Problem details:
Wherever the line that contains "Пассажиры толкают застрявшие" falls, repeat it and the lines after it exactly until the records end, without any pictures.

Record excerpts:
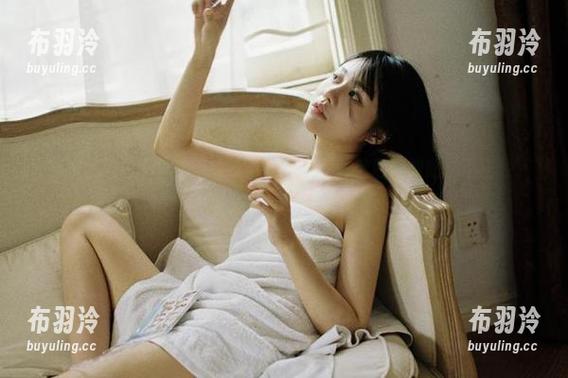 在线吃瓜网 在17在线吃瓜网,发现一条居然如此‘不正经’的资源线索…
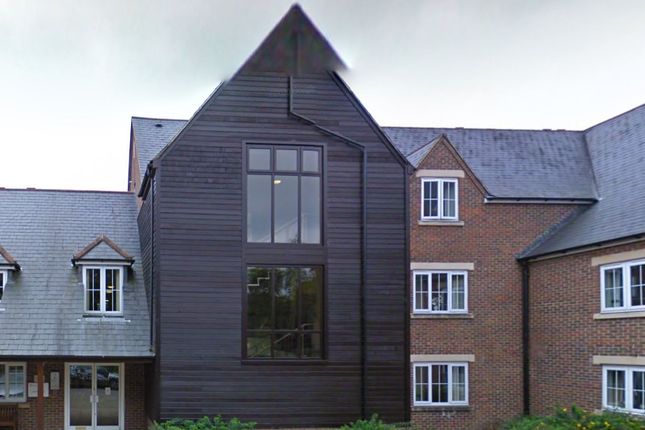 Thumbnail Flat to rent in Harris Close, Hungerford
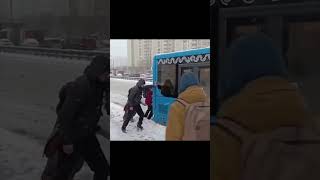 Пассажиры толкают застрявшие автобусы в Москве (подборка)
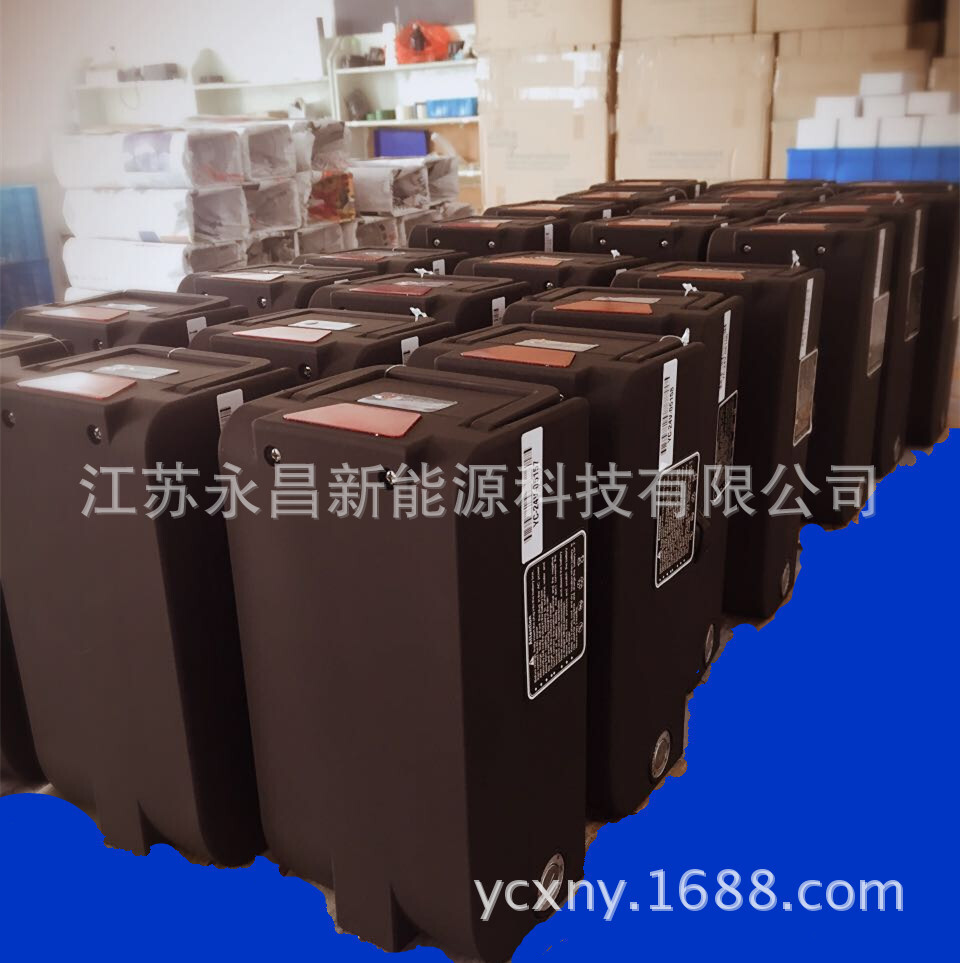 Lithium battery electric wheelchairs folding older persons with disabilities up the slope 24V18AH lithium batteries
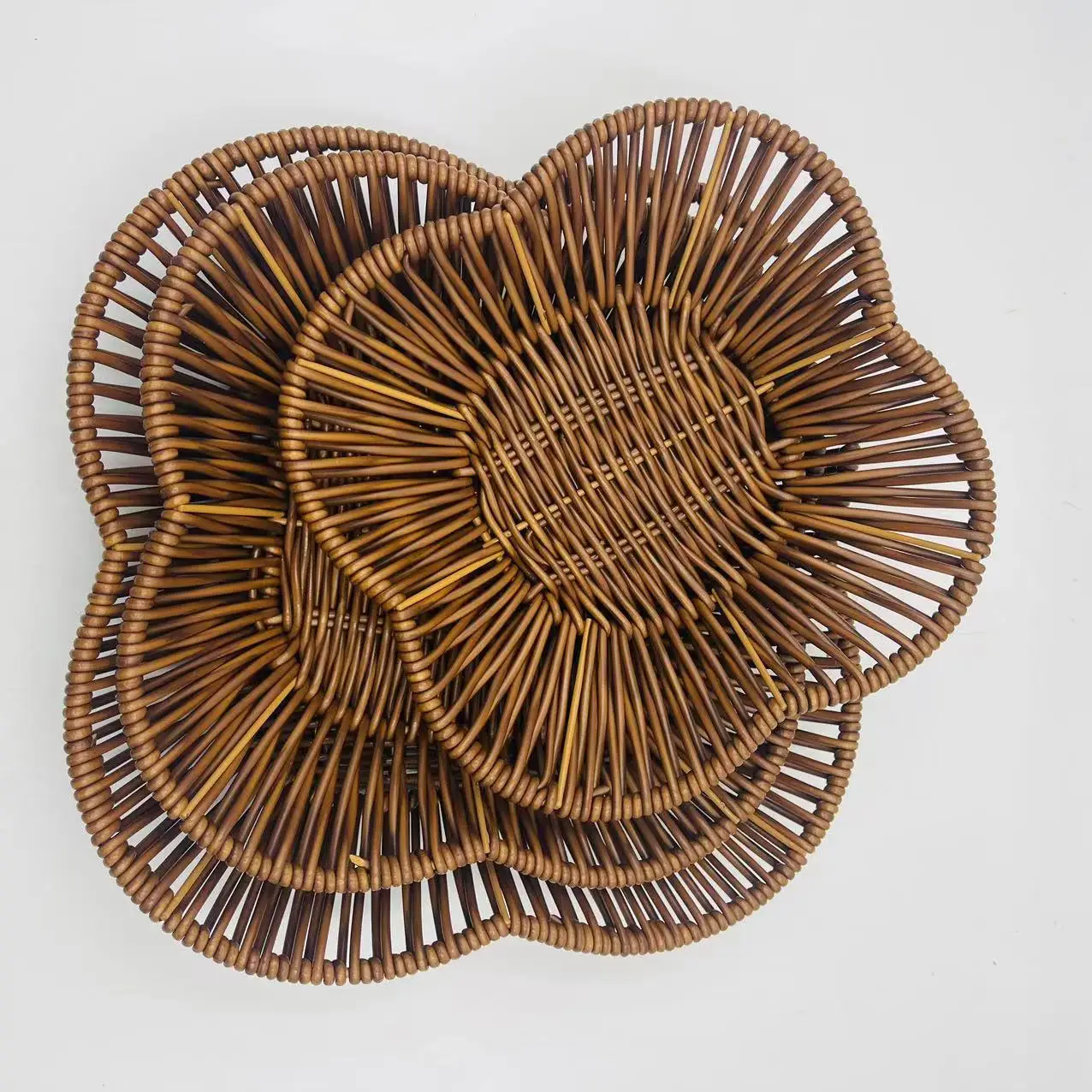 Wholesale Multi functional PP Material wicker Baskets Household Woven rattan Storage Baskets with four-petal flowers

Reply to the task:
 Пассажиры толкают застрявшие автобусы в Москве (подборка)
 Lithium battery electric wheelchairs folding older persons with disabilities up the slope 24V18AH lithium batteries
 Wholesale Multi functional PP Material wicker Baskets Household Woven rattan Storage Baskets with four-petal flowers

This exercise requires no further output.